Deaths involving fentanyl have shot up in the past few years. The drug is an opioid one hundred times more potent than morphine. It is prescribed as a time-release patch for people in severe, chronic pain such as that suffered by cancer patients.

Users often don’t know what they’re getting
Drug dealers sometimes extract fentanyl from the patches and add it to other substances. Sometimes people cut up the patches and chew pieces. Police also suspect fentanyl is being made in China and possibly Turkey, and trafficked along a traditional underground route that used to supply ecstasy in 2012.
Health experts say users often don’t know what they’re getting when they buy drugs on the street. If they are not habituated to fentanyl, a small amount can cause them to become drowsy and stop breathing.
Opioid consumption high in Canada
The consumption rates of prescription opioids in Canada are among the highest in the world, according to a recent study. In 2010-13, doctors dispensed nearly 16 per cent for fentanyl prescriptions.
‘A disaster’ says pharmacists’ official
Last year, 300 people died from illegal drug overdoses in the western province of British Columbia, according to a coroner’s report. It appears 25 per cent of the deaths involved fentanyl. That proportion was up from five per cent three years earlier.
In neighbouring Alberta, 120 people died last year after taking fentanyl, compared to six in 2011. And it’s not just hard-core drug addicts who are dying. Students have succumbed and recently a middle-class couple in Vancouver died, leaving behind a 2-year-old son.
“This really is a disaster that’s happening right across Canada,” says Philip Emberley, the Canadian Pharmacists Association’s director of pharmacy innovation. “I don’t think any community is actually immune to this at all.”
Getting doctors to prescribe fentanyl less is not the answer to the problem, says Tara Gomes, a drug policy researcher and scientist at St. Michael’s Hospital in Toronto. Too much of the drug is not from prescriptions.
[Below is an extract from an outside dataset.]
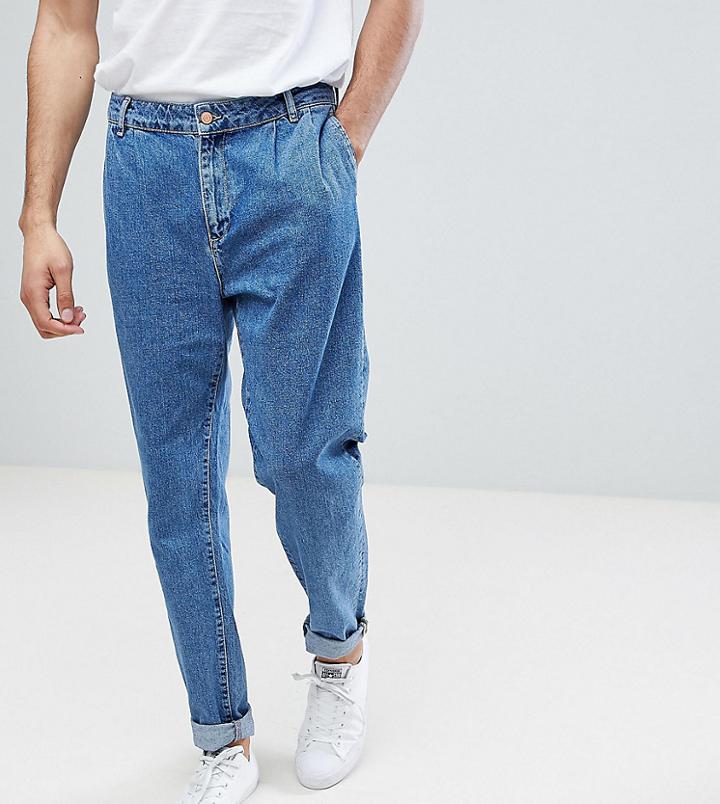 Asos Tall Double Pleat Straight Leg Jean In Light Blue - Blue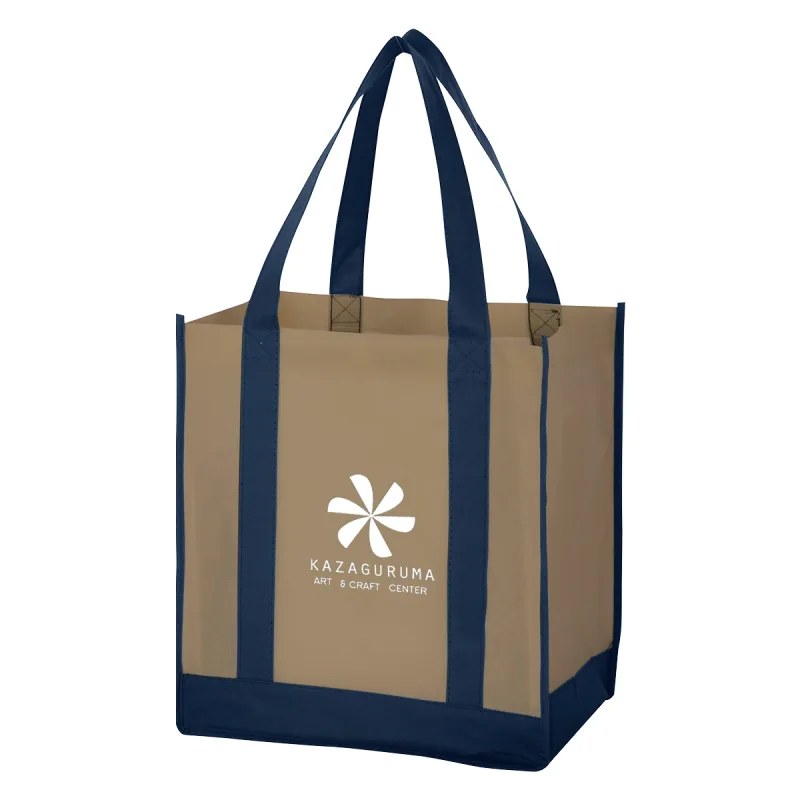 Non-Woven Two-Tone Shopper Tote Bag — view 8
Raising awareness critical, says scientist
She says the better hope is that police have increasing success cracking down on drug traffickers and illicit makers, and making people aware of the lethal danger of taking unknown drugs, “particularly among youth who may be experimenting with this drug recreationally, so that they can become aware that these are dangerous drugs to try and that when purchasing pills that they might think they know…it could be that those pills contain a variety of different drugs in very high doses that can be fatal if used in the wrong person.”